CODEWITHSUNDEEP
javac++arraysporting
user1185305
user1185305

Reputation: 895

Java ArrayList converted to C++

I have an ArrayList

ArrayList[][] gridList = new ArrayList[300][150];
// Where a and b are some values in the range of the ArrayList.
ArrayList al = this.gridList[a][b];

How could this be translated to C++ ?? I've tried using std::vector or std::map, std::array. I just can't get it to work.

ArrayList al = this.gridList[a][b];

What does that line actually do?

Does it create an array of size ??

ArrayList al = new ArrayList[a][b]

or maybe it copies the values of "a" and "b" in to the new ArrayList "al" ?

Please help

Upvotes: 1

Views: 1108

Answers (3)

didierc
didierc

Reputation: 14730

Your code doesn't do what you think it does.

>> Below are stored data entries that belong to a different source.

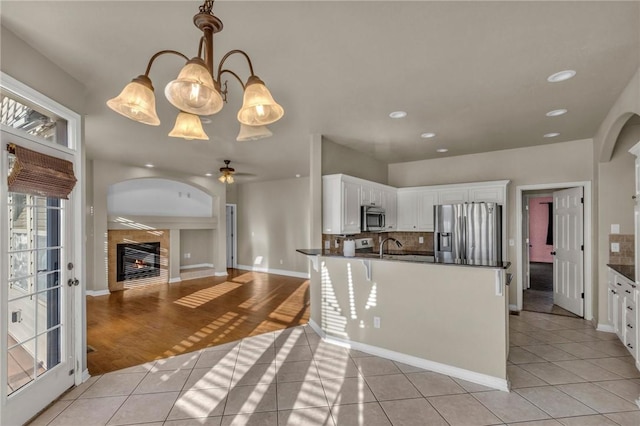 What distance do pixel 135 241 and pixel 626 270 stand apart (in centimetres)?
Answer: 850

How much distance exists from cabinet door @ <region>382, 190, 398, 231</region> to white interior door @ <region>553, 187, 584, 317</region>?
274 centimetres

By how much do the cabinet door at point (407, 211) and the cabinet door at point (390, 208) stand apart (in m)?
0.09

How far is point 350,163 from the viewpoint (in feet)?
16.6

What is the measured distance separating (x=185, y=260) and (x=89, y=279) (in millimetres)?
2439

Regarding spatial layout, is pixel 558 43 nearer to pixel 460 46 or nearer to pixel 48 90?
pixel 460 46

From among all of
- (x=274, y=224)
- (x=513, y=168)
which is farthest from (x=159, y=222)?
(x=513, y=168)

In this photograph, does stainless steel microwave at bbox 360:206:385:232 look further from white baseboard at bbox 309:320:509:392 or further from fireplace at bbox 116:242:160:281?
fireplace at bbox 116:242:160:281

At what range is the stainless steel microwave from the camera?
4695mm

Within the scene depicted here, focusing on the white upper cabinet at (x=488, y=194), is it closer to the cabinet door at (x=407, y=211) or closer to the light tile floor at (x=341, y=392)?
the cabinet door at (x=407, y=211)

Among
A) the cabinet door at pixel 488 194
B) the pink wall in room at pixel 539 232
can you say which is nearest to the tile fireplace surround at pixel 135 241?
the cabinet door at pixel 488 194

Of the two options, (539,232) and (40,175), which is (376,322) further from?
(539,232)

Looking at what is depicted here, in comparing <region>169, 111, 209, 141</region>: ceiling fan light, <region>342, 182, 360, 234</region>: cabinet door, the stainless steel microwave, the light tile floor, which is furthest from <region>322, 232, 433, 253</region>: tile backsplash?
<region>169, 111, 209, 141</region>: ceiling fan light

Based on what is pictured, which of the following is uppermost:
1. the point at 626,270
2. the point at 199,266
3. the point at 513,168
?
the point at 513,168

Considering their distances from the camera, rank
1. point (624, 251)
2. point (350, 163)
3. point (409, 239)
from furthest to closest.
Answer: point (409, 239) < point (350, 163) < point (624, 251) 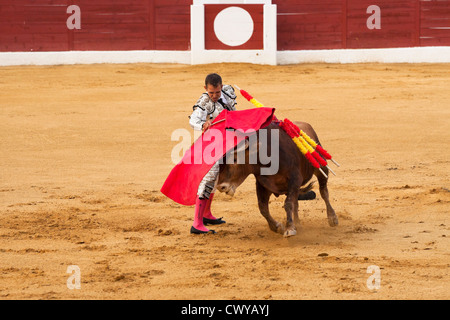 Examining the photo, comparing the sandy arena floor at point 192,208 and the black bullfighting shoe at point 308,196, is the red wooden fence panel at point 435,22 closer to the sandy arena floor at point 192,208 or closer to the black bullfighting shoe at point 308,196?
the sandy arena floor at point 192,208

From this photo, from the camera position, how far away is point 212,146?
436cm

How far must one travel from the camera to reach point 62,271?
3918 mm

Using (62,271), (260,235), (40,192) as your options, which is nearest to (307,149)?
(260,235)

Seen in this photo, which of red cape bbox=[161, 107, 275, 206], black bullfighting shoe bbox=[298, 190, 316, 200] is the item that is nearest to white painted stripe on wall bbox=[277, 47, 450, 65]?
black bullfighting shoe bbox=[298, 190, 316, 200]

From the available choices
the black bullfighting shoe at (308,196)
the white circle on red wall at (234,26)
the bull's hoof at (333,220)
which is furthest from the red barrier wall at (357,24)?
the bull's hoof at (333,220)

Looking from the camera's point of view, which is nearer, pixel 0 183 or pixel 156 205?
pixel 156 205

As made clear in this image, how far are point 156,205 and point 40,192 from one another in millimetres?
1030

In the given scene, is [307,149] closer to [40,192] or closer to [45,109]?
[40,192]

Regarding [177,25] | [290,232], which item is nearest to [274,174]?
[290,232]

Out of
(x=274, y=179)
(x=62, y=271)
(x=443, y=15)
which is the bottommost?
(x=62, y=271)

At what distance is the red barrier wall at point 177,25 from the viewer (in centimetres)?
1337

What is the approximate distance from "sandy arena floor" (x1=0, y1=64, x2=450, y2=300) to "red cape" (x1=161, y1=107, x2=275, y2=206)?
301mm

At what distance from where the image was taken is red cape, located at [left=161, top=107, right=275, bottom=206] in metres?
4.27

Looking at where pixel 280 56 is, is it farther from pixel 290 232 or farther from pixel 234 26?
pixel 290 232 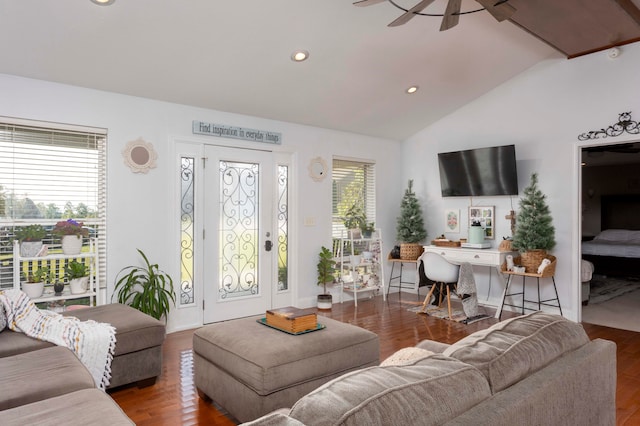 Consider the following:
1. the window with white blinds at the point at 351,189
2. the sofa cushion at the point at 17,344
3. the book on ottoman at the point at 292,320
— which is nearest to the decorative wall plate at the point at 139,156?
the sofa cushion at the point at 17,344

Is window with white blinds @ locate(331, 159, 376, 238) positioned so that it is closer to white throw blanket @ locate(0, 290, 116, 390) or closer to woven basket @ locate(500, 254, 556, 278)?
woven basket @ locate(500, 254, 556, 278)

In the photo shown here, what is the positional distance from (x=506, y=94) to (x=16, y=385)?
19.2 ft

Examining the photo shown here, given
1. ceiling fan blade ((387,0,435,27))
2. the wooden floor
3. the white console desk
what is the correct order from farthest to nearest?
the white console desk
ceiling fan blade ((387,0,435,27))
the wooden floor

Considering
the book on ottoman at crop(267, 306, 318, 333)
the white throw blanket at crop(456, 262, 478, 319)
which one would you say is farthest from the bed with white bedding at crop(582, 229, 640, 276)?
the book on ottoman at crop(267, 306, 318, 333)

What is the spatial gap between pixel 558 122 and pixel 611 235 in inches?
157

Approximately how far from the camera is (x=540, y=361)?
121cm

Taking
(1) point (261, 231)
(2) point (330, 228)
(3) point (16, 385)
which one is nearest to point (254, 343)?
(3) point (16, 385)

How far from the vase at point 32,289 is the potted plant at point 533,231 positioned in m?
5.01

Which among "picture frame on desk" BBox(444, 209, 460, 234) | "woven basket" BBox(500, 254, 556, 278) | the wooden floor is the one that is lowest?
the wooden floor

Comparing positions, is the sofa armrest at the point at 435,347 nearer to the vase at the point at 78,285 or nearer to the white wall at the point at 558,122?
the vase at the point at 78,285

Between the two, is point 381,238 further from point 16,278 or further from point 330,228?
point 16,278

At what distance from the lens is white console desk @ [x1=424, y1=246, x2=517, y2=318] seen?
203 inches

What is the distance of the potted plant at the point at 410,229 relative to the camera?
6176mm

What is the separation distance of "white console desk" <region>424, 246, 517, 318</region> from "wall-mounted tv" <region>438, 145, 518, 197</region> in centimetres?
81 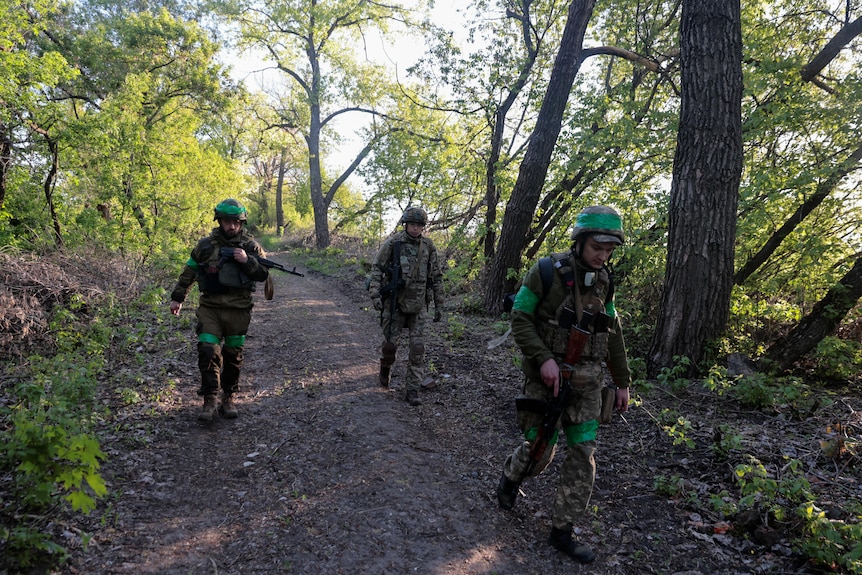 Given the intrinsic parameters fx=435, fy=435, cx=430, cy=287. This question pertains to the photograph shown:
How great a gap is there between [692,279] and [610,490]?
284cm

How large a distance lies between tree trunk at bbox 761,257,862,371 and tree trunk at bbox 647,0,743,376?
0.88 metres

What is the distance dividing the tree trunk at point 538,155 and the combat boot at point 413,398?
4.23 metres

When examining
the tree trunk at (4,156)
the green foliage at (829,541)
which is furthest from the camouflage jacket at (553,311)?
the tree trunk at (4,156)

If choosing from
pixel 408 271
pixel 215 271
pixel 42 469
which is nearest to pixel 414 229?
pixel 408 271

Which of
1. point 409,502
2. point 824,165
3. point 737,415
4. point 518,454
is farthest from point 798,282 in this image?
point 409,502

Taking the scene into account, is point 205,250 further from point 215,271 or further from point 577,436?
point 577,436

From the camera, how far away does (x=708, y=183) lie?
513 centimetres

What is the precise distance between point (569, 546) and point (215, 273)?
13.3 ft

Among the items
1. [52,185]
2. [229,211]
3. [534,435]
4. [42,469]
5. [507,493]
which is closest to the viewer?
[42,469]

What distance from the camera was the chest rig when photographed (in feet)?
9.87

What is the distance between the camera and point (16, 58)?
6441 mm

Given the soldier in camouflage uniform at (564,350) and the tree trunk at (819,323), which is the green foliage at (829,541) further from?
the tree trunk at (819,323)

 ArrayList[][] gridList = new ArrayList[300][150];

This first line allocates an array of array of ArrayList. 

 ArrayList al = this.gridList[a][b];

This second line retrieves the ArrayList at offset b in the array at offset a in the array gridList. You should be aware that your code doesn't initialize either arrays.

The equivalent type in C++ could be:

#include <vector>
#include <array>

std::array< std::array< std::vector<T>, 150>, 300> gridList;

where T is the type of the element stored in the vectors. Note that Java prior to generics only allowed to define ArrayList without specifying the element type, which is pretty much what your code does. In C++, this parameter is mandatory. The above variable definition will instantiate it for the current scope. you will need to use a new statement for a dynamic value (as in Java), and probably wrap it with a smart pointer.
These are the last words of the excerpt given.